**Task requirements:**
Down to the last line, write out the entries below exactly and omit all pictures.

[Extracted records]

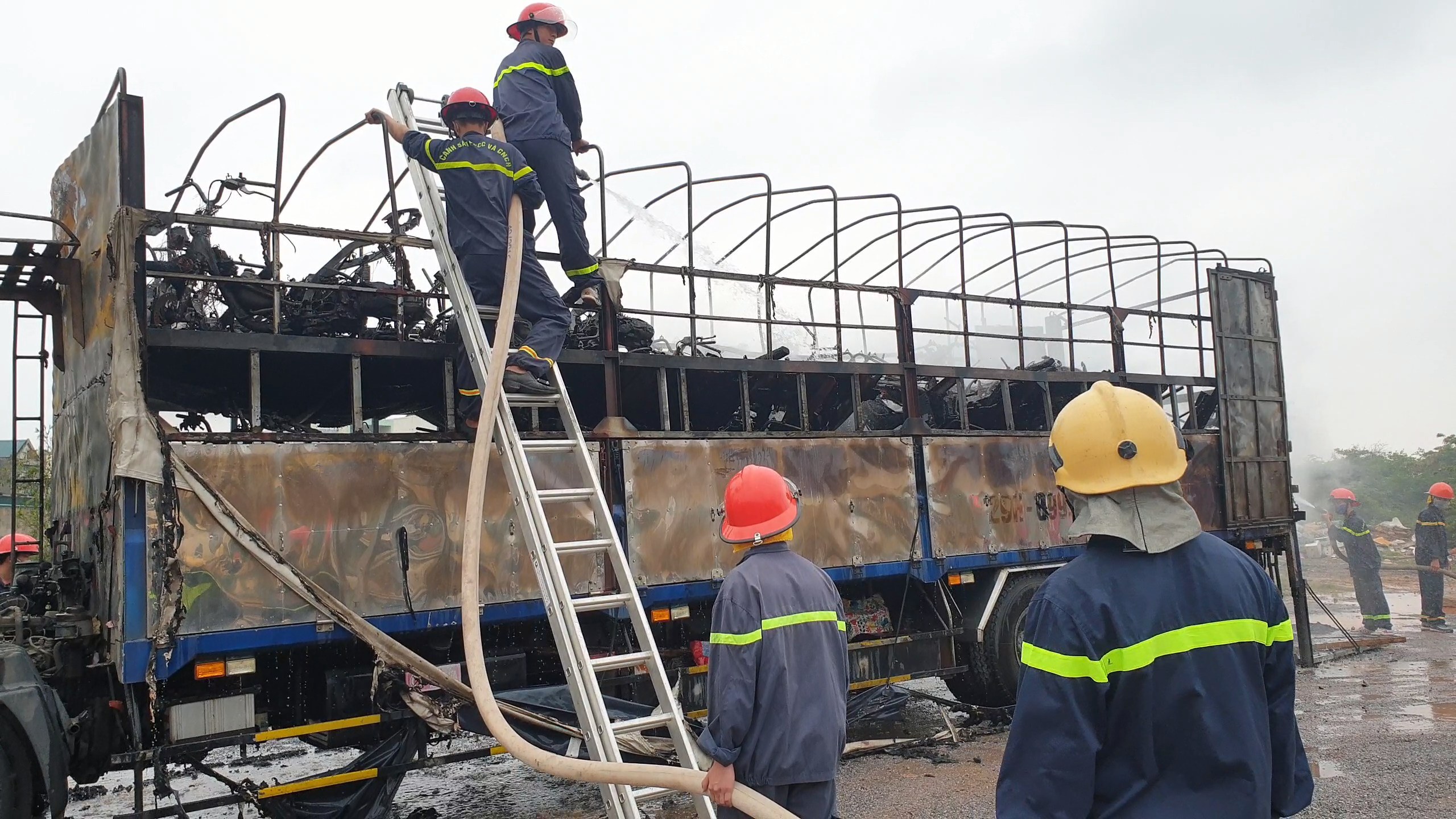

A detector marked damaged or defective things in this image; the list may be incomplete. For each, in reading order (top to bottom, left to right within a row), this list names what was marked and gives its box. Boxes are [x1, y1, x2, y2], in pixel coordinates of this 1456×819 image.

burnt tarpaulin [260, 719, 425, 816]
burnt tarpaulin [460, 682, 661, 758]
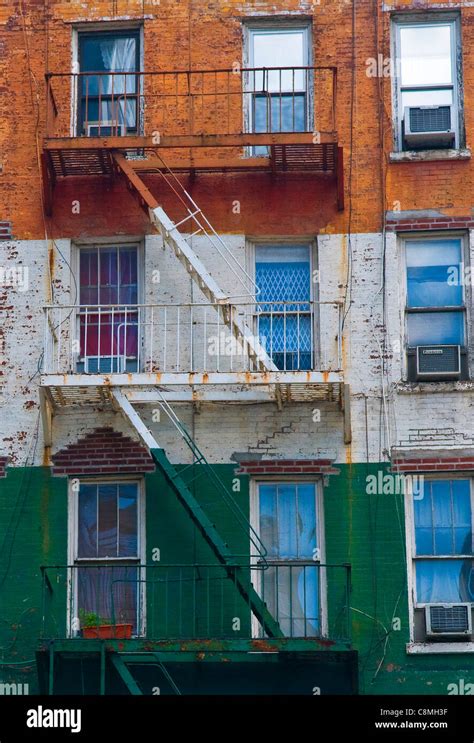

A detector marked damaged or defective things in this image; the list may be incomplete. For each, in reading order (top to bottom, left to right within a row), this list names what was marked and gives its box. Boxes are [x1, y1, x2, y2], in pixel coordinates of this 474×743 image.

rusty metal beam [45, 132, 336, 150]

**Result of this task:**
A detector marked damaged or defective things in this image; the list may be incomplete. For each, in reading order (top to bottom, left to right within a row), this list names what was marked and gives its box. Boxes are [x1, y1, x2, y2], in pixel coordinates of this 1456×819 image.

burnt tarpaulin [260, 719, 425, 816]
burnt tarpaulin [460, 682, 661, 758]

A detector marked damaged or defective things in this image; the list may be incomplete. For each, in reading order (top to bottom, left to right within a row), this list names what was marked and gives its box. Boxes are [x1, y1, x2, y2], in pixel coordinates of this 474×743 image.

rusty metal beam [45, 132, 336, 150]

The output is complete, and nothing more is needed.